63 MBAs account for 38 (or 24%) of the world’s unicorn start-ups, says new data from NextView Ventures. There are 157 unicorns which have not floated or been acquired, according to the Crunchbase Unicorn Leaderboard.
Entrepreneurs from Harvard Business School founded the most unicorns, 13, which are collectively valued at nearly $26 billion and have banked $5 billion in venture capital. These include GrabTaxi, the Singapore cab-hailing start-up that has raised $680 million, which has an unconfirmed valuation above a billion dollars.
Oscar, health insurance company utilizing big data, has raised around $330 million since its founders graduated from Harvard.
Stanford’s Graduate School of Business is second with seven unicorns, despite its closeness to San Francisco’s start-up and venture capital hotspot, Silicon Valley. Stanford’s nine entrepreneurs have raised $3 billion in investment for their unicorns, valuating them at $10.5 billion.
“There’s an obvious advantage to being at Stanford. In order to get a meeting with a VC, you just drive a few minutes down the road,” says Tom Sabel, associate director of carers at Stanford GSB.
The most noteworthy are Medallia, a Palo Alto-based company that makes customer-feedback software, which raised $255 million, including from Silicon Valley’s Sequoia Capital, giving it a valuation of $1.2 billion. And Proteus Digital Health, which has backing of $283 million and a valuation of $1.1 billion.
Ten Wharton School MBAs have produced five unicorns with combined valuations of $11 billion. They raised $1.8 billion in venture investment, including marketing start-up Red Ventures ($250 million) and Warby Parker ($115 million), which designs and sells vintage sunglasses.

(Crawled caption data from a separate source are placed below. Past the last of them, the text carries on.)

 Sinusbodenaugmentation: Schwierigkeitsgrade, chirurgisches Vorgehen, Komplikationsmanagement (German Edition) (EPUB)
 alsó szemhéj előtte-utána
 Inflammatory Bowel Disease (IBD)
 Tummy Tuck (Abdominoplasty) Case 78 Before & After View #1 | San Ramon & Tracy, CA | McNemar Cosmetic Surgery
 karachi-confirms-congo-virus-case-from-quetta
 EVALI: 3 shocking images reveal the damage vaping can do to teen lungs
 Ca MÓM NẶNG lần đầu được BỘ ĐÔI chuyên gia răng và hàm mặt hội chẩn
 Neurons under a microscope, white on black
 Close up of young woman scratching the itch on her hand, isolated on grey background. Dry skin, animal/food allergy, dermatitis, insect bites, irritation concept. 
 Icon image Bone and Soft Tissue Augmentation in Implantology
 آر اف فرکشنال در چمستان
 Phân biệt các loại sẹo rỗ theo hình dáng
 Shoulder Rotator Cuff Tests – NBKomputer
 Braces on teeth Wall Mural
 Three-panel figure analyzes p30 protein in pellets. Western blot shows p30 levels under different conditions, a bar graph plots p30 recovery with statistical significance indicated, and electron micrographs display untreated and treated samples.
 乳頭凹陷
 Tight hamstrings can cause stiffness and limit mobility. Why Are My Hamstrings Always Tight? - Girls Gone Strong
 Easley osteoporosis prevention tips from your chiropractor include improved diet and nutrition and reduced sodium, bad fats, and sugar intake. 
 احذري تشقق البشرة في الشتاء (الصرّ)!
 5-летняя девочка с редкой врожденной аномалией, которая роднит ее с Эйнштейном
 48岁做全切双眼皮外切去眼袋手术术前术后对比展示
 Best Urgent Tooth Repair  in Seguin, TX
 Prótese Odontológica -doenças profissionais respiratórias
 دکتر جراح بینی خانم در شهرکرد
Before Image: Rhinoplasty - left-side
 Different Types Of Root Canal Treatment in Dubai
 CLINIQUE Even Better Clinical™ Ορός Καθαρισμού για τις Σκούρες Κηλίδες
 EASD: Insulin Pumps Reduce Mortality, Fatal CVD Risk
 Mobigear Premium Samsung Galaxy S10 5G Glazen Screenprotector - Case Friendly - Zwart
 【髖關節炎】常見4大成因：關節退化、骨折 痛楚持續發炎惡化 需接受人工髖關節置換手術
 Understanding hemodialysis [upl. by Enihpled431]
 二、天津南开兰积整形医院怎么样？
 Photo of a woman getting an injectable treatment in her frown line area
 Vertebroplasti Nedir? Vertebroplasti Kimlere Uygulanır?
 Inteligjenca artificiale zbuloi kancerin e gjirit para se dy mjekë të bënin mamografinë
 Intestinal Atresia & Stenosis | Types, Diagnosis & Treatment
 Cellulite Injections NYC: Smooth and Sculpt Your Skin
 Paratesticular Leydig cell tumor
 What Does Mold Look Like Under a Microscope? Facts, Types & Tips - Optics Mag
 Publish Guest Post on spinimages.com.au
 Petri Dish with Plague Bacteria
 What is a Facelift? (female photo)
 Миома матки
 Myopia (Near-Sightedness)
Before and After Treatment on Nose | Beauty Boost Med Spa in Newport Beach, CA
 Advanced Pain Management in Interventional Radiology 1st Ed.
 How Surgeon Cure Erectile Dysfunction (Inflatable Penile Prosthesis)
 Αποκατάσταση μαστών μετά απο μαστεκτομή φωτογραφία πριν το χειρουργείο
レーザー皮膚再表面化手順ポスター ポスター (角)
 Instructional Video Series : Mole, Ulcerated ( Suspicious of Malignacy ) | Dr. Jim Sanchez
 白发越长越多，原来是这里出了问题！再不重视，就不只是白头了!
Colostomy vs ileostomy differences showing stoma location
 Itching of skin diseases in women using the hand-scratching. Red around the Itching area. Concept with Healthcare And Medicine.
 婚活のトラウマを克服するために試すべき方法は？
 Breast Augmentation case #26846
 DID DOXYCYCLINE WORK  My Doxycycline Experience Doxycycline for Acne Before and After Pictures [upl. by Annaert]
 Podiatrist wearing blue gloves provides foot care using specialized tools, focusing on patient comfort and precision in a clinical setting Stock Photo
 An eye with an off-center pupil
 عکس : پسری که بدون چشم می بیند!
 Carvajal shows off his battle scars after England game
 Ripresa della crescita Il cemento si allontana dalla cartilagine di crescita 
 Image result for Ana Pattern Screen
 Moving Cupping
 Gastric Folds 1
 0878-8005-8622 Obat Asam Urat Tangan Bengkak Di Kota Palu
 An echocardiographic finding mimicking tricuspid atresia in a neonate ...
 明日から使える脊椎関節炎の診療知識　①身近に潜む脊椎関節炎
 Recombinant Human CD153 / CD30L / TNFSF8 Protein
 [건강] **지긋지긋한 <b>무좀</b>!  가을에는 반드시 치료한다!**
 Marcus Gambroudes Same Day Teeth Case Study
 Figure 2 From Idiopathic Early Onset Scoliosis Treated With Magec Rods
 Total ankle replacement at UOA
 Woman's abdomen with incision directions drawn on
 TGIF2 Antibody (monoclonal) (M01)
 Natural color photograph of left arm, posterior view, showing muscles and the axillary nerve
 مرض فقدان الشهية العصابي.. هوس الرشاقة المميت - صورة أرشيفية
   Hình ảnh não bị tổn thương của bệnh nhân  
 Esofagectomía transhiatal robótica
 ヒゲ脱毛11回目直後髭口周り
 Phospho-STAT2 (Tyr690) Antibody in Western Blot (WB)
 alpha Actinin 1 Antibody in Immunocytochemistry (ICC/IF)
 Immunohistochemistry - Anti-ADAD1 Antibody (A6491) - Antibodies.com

The data highlight the rebalancing of elite MBA students’ career aspirations, away from corporates like JPMorgan Chase or McKinsey & Company, and to entrepreneurial ventures hoping to become the next Google or Facebook.
Todd Carson, senior associate director of Wharton MBA Career Management, says: “The growth in venture investment over the last six years has dramatically increased awareness around entrepreneurship/start-ups and technology as a career path for MBAs.”
Schools in the US, where the venture capital industry is more mature, dominate the list of unicorns. “Start-ups and innovation are areas of strong interest,” says Sue Kline at Cambridge’s MIT Sloan School of Management.
But there are five non-US MBA programs boasting unicorns — at INSEAD, IIM Calcutta, Vienna University, Tel Aviv University, and University of Otago. “There is a thirst to be entrepreneurial,” says Sue Thorn, director of careers for the UK’s Warwick Business School.
INSEAD, which has campuses in France, Singapore and Abu Dhabi, has produced four unicorns. These include BlaBlaCar, the French ride-sharing platform that is valued at €1.4 billion, and data analytics company MongoDB, which is valued at $1.6 billion.
Software, consumer internet and e-commerce companies make up a significant majority of the unicorns, such as Honest Co, an e-commerce start-up from UCLA Anderson School of Management that was co-founded by actress Jessica Alba.
Despite the growth in MBAs flocking to and founding tech ventures, there has historically been resistance among IT entrepreneurs to accept them. Sheryl Sandberg, Facebook’s COO, made headlines when she slammed the value of an MBA in December.
“The currency is your ability to code,” says Ted Zoller, director for the Center for Entrepreneurial Studies at Kenan-Flagler Business School.
Overall, the MBA entrepreneurs have raised $15 billion in venture capital for their unicorn companies, as the VC industry has shown increased willingness to throw money are pre-cash-generative start-ups but which are growing — fast.
“Because VCs take a lot of risk in the portfolio, there often needs to be outsized exits, including $1 billion and more,” says Jason Heltzer, assistant professor of entrepreneurship at Chicago Booth and partner at Origin Ventures.
However, there are concerns that the valuations of private start-ups are too high and will not stand up to the scrutiny of public markets — highlighted by Square’s IPO.
“Some would suggest valuations have become lofty,” says Ben Thomason, sector director for finance at Duke Fuqua.
Investors have in recent months marked down their stakes in unicorns such as Snapchat and Dropbox.
“Although the number of unicorns has proliferated, some will undoubtedly become unicorpses,” says Vincent Ponzo, director of the Eugene Lang Entrepreneurship Center at Columbia Business School.